Overview
The goal of this document is to introduce applications of R for Generalized Mixed Effects Modeling.
Package and Data Preparation
library(psych) # For descriptives and ANOVA, and else
library(ez) # For ANOVA
library(tidyverse) # This is a collection of packages for data wrangling and visualizing
library(Rmisc)
library(reshape2) # For reorganizing data
#library(lsr)
library(lme4) # For generalized linear mixed effect model
library(lmerTest) # For p values in generalized linear mixed effect model
#library(emmeans)
#library(dplyr)
#library(forcats)
library(DescTools)
#library(SuppDists)
library(effsize)
library(ggpubr)
#library(MVN)
library(r2glmm)
dat <- read.csv("Demo Data Das.csv") # Read in the csv data
Data forging
# A quick look at the first several rows of the data. This is the wide format in which each row contains all information from one individual.
head(dat)
## X D1S D2S D3S D1D D2D D3D Speed WMC
## 1 1 6 6 10 3 4 2 52.57522 0.86260286
## 2 2 10 6 8 4 5 1 87.14825 0.41562595
## 3 3 8 10 9 5 2 3 65.23954 -1.74653932
## 4 4 10 9 9 3 2 3 106.95063 -0.03135097
## 5 5 7 9 9 3 3 4 89.83073 1.50946304
## 6 6 7 8 2 5 6 4 161.63888 0.75637916
# This function melt a wide-format data into long-formant in which each row contains information from one trial.

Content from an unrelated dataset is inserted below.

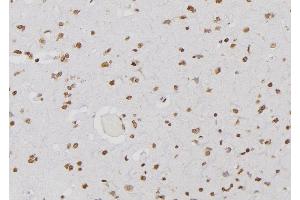ABIN6276644 at 1/100 staining Human brain tissue by IHC-P.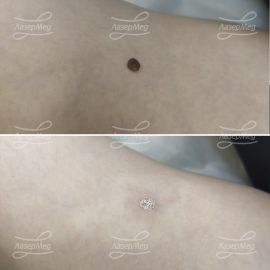 Лазерная деструкция невусов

dat2 <- melt(dat, measure.vars = c("D1S","D2S","D3S", "D1D","D2D","D3D"), variable.name = "Condition", value.name = "Score")
# Spliting the string variable "condition" into two seperate (repeated measure) variables
dat3 <- separate(dat2, Condition, sep = 2, into = c("Factor1","Factor2"), remove = TRUE)
# I recoded the ID variable to a factor (for the ANOVA analyses, otherwise R will treat it as a DV)
dat3$X <- as.factor(dat3$X)
# Factor 1 has 3 levels and I took out the 3rd level (otherwise I will have to have 2 dummy-coded variables for Factor1 in regression).
dat3Final <-subset(dat3, Factor1 != "D3")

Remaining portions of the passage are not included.